Start with --enable_offload=true for eager asynchronous SSD persistence after Put completion. Add --offload_on_evict=true when you want SSD writes to happen only when memory pressure selects an object for eviction. Add --promotion_on_hit=true to allow hot SSD-only data to be promoted back to DRAM, and tune --promotion_admission_threshold to control how many observed reads are required before promotion is queued.

CXL Memory#

Flag

Default

Description

--enable_cxl

false

Enable CXL memory support

--cxl_path

/dev/dax0.0

DAX device path for CXL memory

--cxl_size

8GB (8589934592)

CXL memory size in bytes

When --allocation_strategy=cxl is set alongside --enable_cxl=true, the master preferentially allocates new objects on CXL memory.

DFS Storage#

Flag

Default

Description

--root_fs_dir

empty

DFS mount directory for multi-layer storage backend

--global_file_segment_size

4GB (4294967296)

Max available space for DFS segments

Master Configuration File#

In addition to CLI flags, the master accepts JSON/YAML config files:

mooncake_master --config_path=mooncake-store/conf/master.yaml
rpc_interface: "eth0"
rpc_port: 50051

Reference: Client & Engine Tuning (Env Vars)#

Runtime Protocol#

Variable

Default

Description

MC_RPC_PROTOCOL

tcp

RPC transport protocol between master and clients: tcp or rdma

MC_USE_TENT / MC_USE_TEV1

unset

Set to any value to enable the TENT (next-gen) transfer engine

MC_STORE_CLUSTER_ID

unset

Cluster ID label attached to client metrics

Topology Discovery#

Variable

Default

Description

MC_MS_AUTO_DISC

1

Auto-discover NIC/GPU topology.

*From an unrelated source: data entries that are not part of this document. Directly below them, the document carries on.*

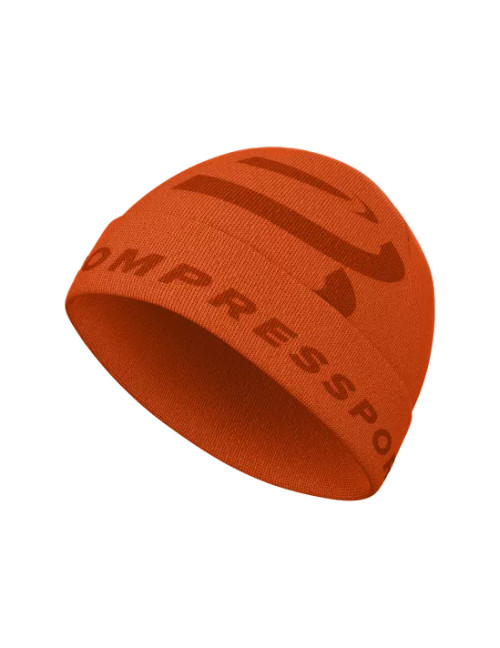 Compressport - Casual Beanie - Fire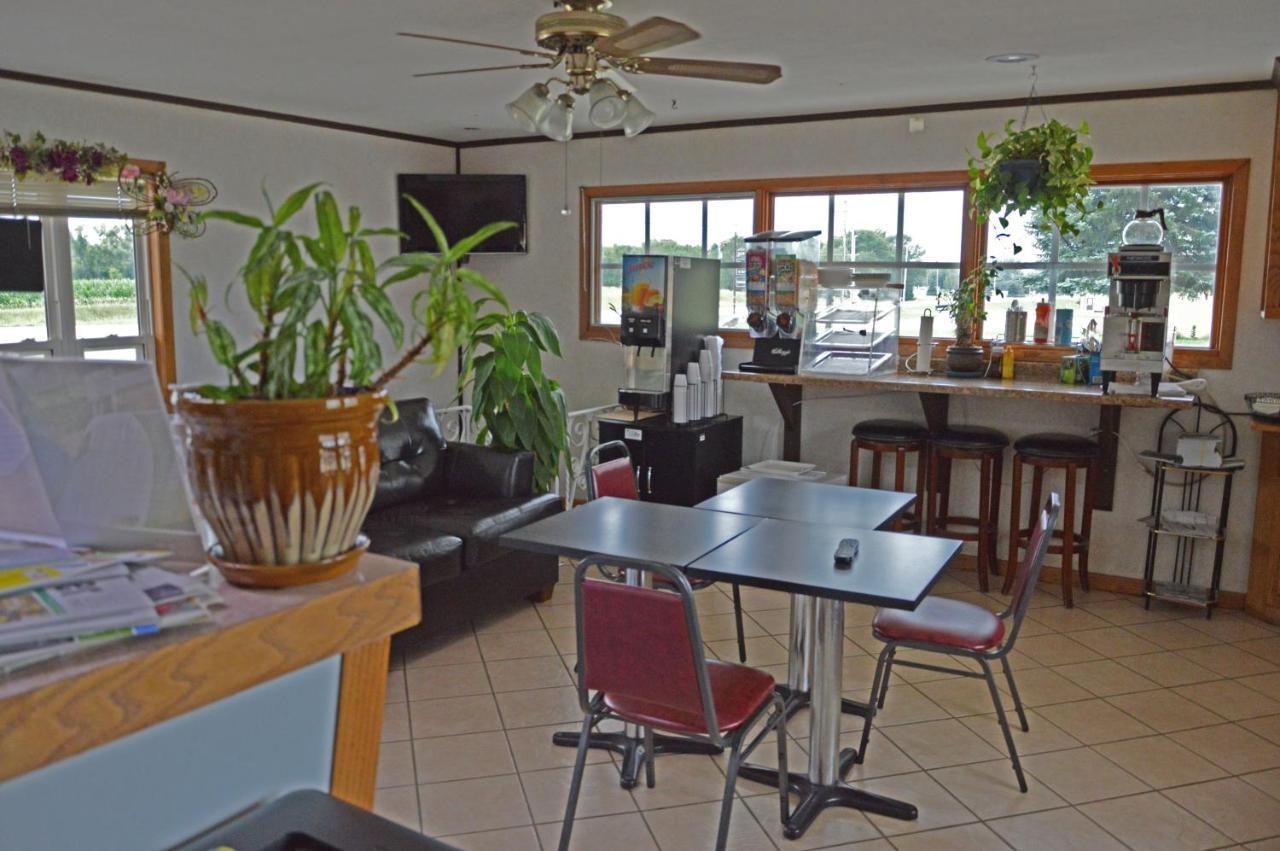 Americas Best Value Inn Suburban Емметсбург  Екстер'єр фото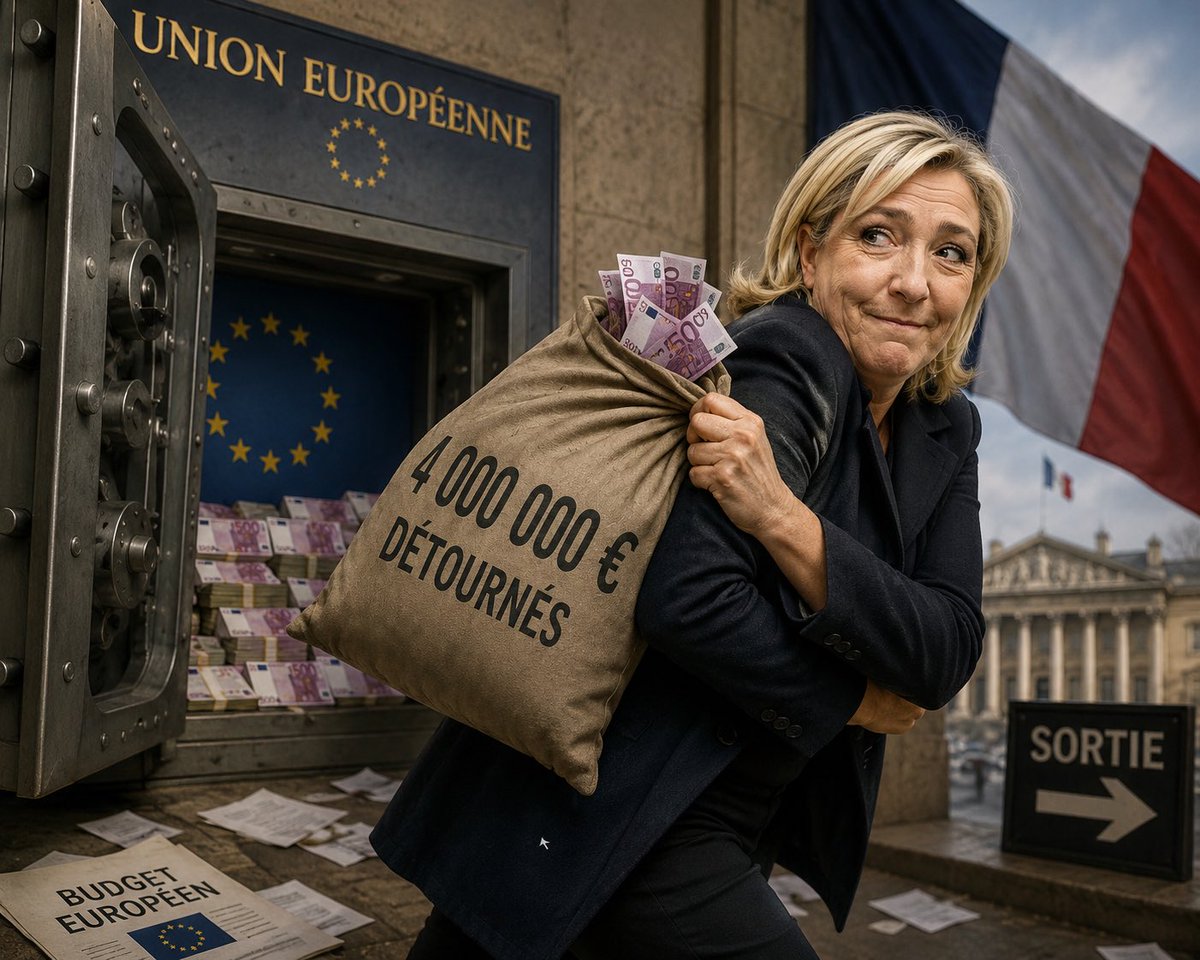 Shanna__Bylka's tweet photo. Détourner 4 millions d’euros ? Allons, ce n’est rien de bien grave face aux méfaits de Hamza La Douane.., https://t.co/WFSRbBxO9D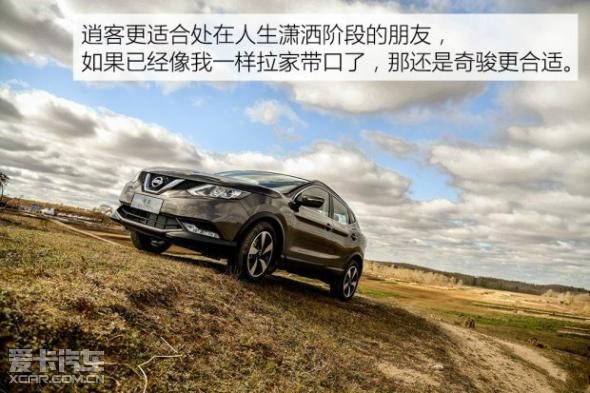 新逍客年末冲刺 2.0排量也享购置税减半_【诸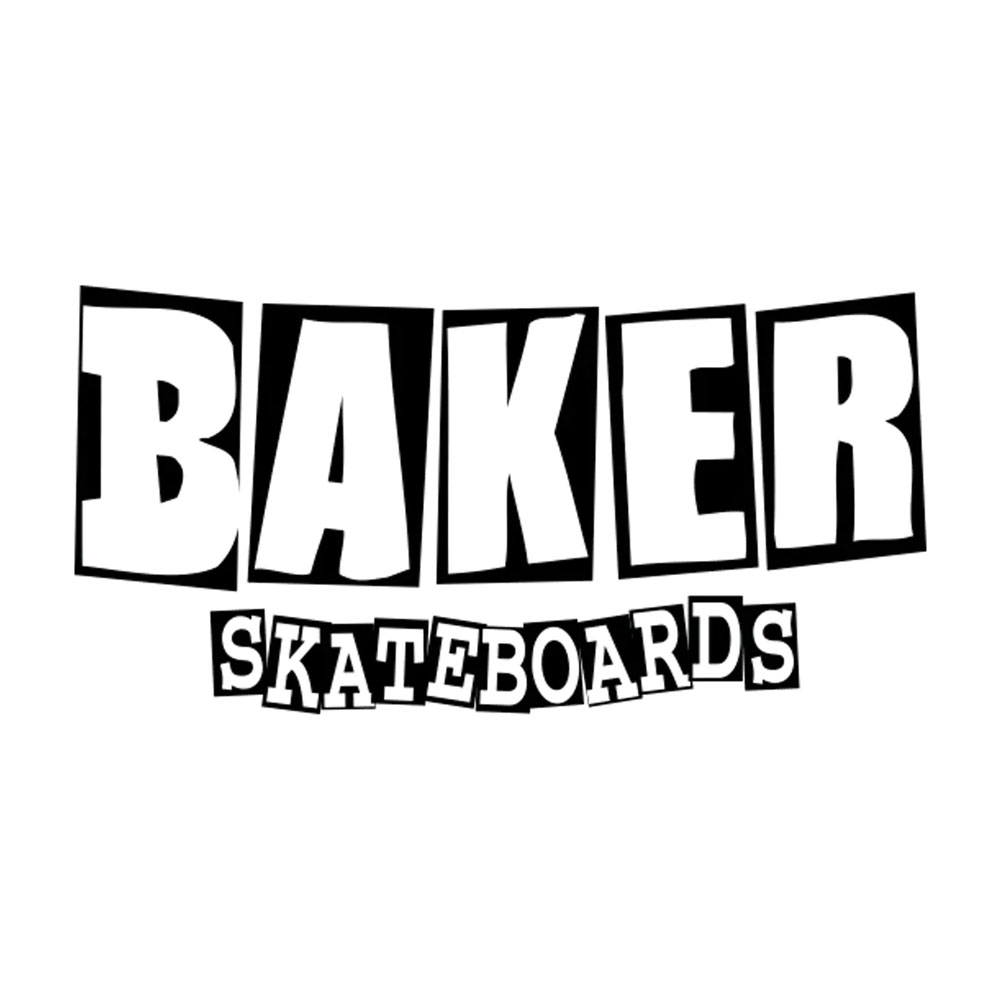 ブランド紹介】BAKER SKATEBOARDS（ベイカー スケートボード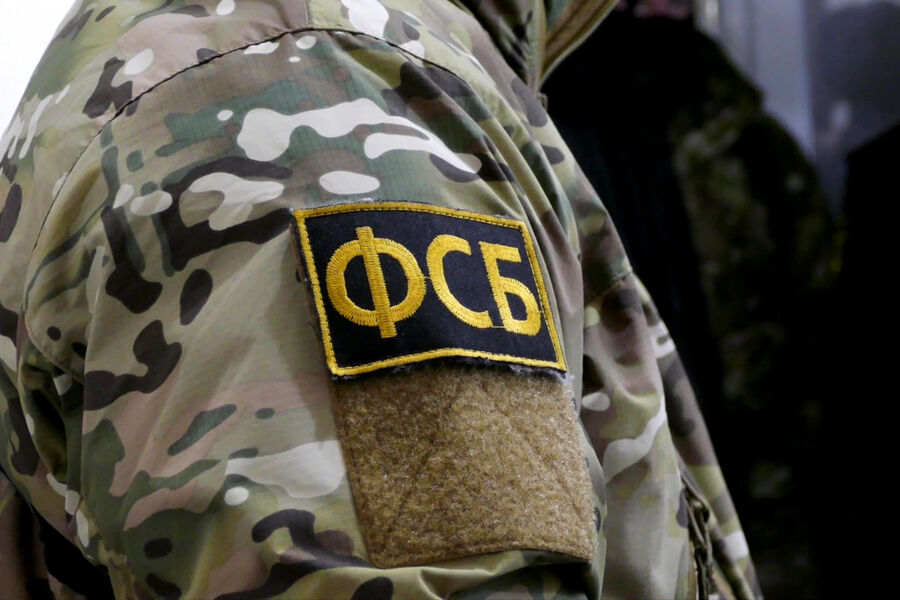 В Северной Осетии задержан мужчина, готовивший поджог самолёта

Set 0 to provide rdma_devices manually

MC_MS_FILTERS

empty

Comma-separated NIC whitelist (e.g., mlx5_0,mlx5_2)

When MC_MS_AUTO_DISC=0, pass rdma_devices (comma-separated) to the Python setup() call.

Transfer Engine Metrics (disabled by default)#

Variable

Default

Description

MC_TE_METRIC

0

Set to 1 to enable engine metrics. Not supported with TENT

MC_TE_METRIC_INTERVAL_SECONDS

5

Seconds between reports

Client Metrics (enabled by default)#

Variable

Default

Description

MC_STORE_CLIENT_METRIC

1

Set 0 to disable

MC_STORE_CLIENT_METRIC_INTERVAL

0

Reporting interval; 0 collects but does not periodically report

MC_STORE_CLIENT_MIN_PORT

12300

Min local port for client connections

MC_STORE_CLIENT_MAX_PORT

14300

Max local port for client connections

Local Hot Cache#

Local hot cache provides a DRAM read cache on top of SSD-resident objects for faster access.

Variable

Default

Description

MC_STORE_LOCAL_HOT_CACHE_SIZE

unset

Size of the local hot cache (e.g., "8gb"). Set to enable the hot cache

MC_STORE_LOCAL_HOT_BLOCK_SIZE

unset

Block size for hot cache (e.g., "2mb")

MC_STORE_LOCAL_HOT_CACHE_USE_SHM

unset

Set 1 to use memfd-backed shared memory

MC_STORE_LOCAL_HOT_ADMISSION_THRESHOLD

unset

Minimum CountMinSketch count before a key is admitted to hot cache

Local Memory Optimization#

Variable

Default

Description

MC_STORE_MEMCPY

0

Set 1 to prefer local memcpy when source/destination are on the same client

MC_STORE_CLIENT_SETUP_RETRIES

20

Number of times to retry client registration on failure

MC_CXL_DEV_SIZE

unset

CXL device size (overrides --cxl_size for client-side allocation)

MMap Buffer & HugePages#

Variable

Default

Description

MC_STORE_USE_HUGEPAGE

unset

Set 1 to request HugeTLB-backed mmap()

MC_STORE_HUGEPAGE_SIZE

2MB

Supported: 2MB, 1GB

MC_MMAP_ARENA_POOL_SIZE

unset

Pre-allocated arena pool size (e.g., 8gb). Explicitly set to enable the arena

MC_DISABLE_MMAP_ARENA

unset

Set 1 to disable arena, fall back to per-call mmap()

yalantinglibs Log Level#

export MC_YLT_LOG_LEVEL=info

Available: trace, debug, info, warn (or warning), error, critical.